* _Task item_: When you transcribe the lines below, keep every word the same and leave the pictures behind.

* _Provided data_:
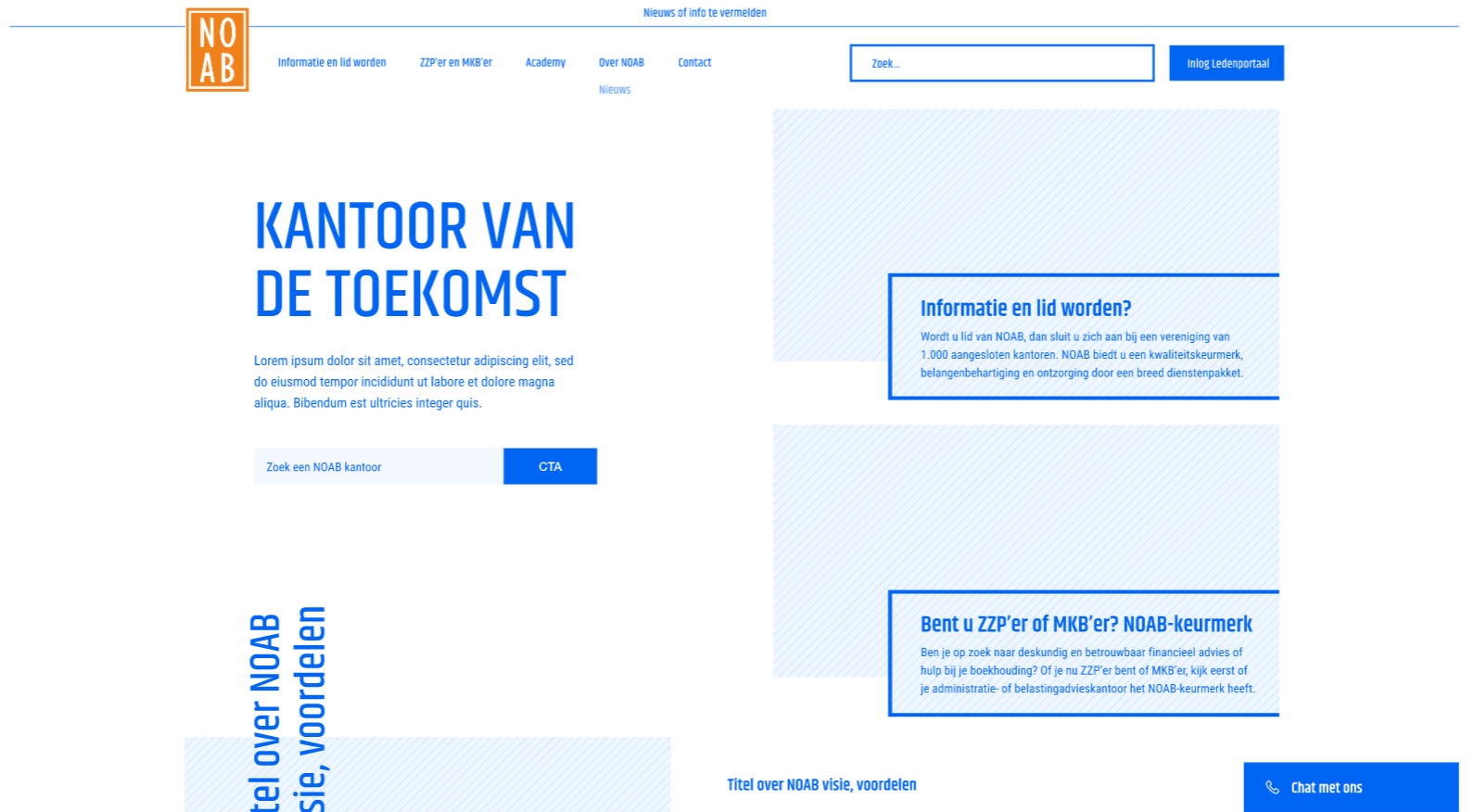 Wireframe voor de homepagina van de corporate website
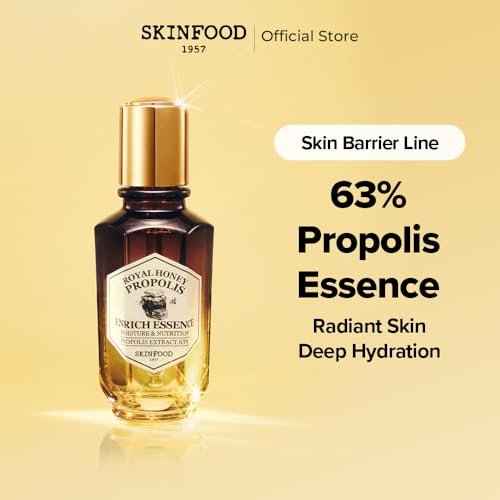 SKINFOOD Royal Honey Propolis Enrich Essence - 63% Black Bee Propolis & 10% Royal Jelly Extract Face Serum for Radiant, Glowing Skin, 1.69 Fl Oz Avelisse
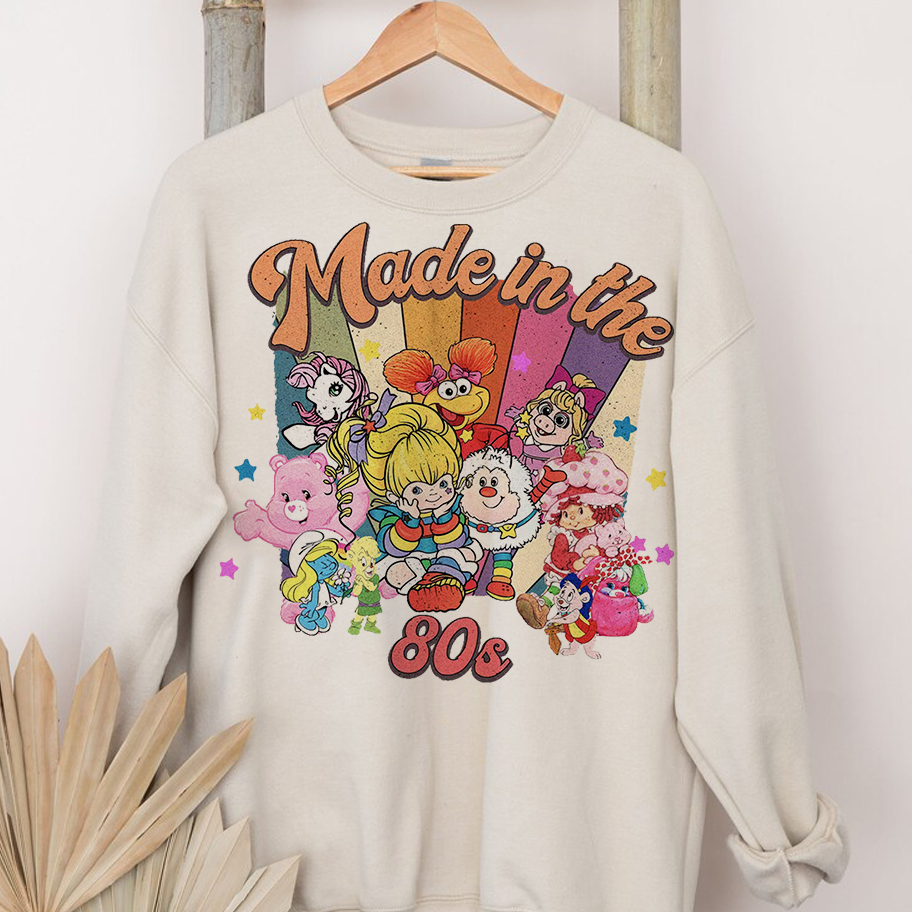 Retro Cartoon Friends Nostalgia Sweatshirt, 80s Cartoon Friends Shirt, Friends 08ss Cartoon Characters Rainbow Care Bears And Strawberry Tee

* _Answer area_:
 Wireframe voor de homepagina van de corporate website
 SKINFOOD Royal Honey Propolis Enrich Essence - 63% Black Bee Propolis & 10% Royal Jelly Extract Face Serum for Radiant, Glowing Skin, 1.69 Fl Oz Avelisse
 Retro Cartoon Friends Nostalgia Sweatshirt, 80s Cartoon Friends Shirt, Friends 08ss Cartoon Characters Rainbow Care Bears And Strawberry Tee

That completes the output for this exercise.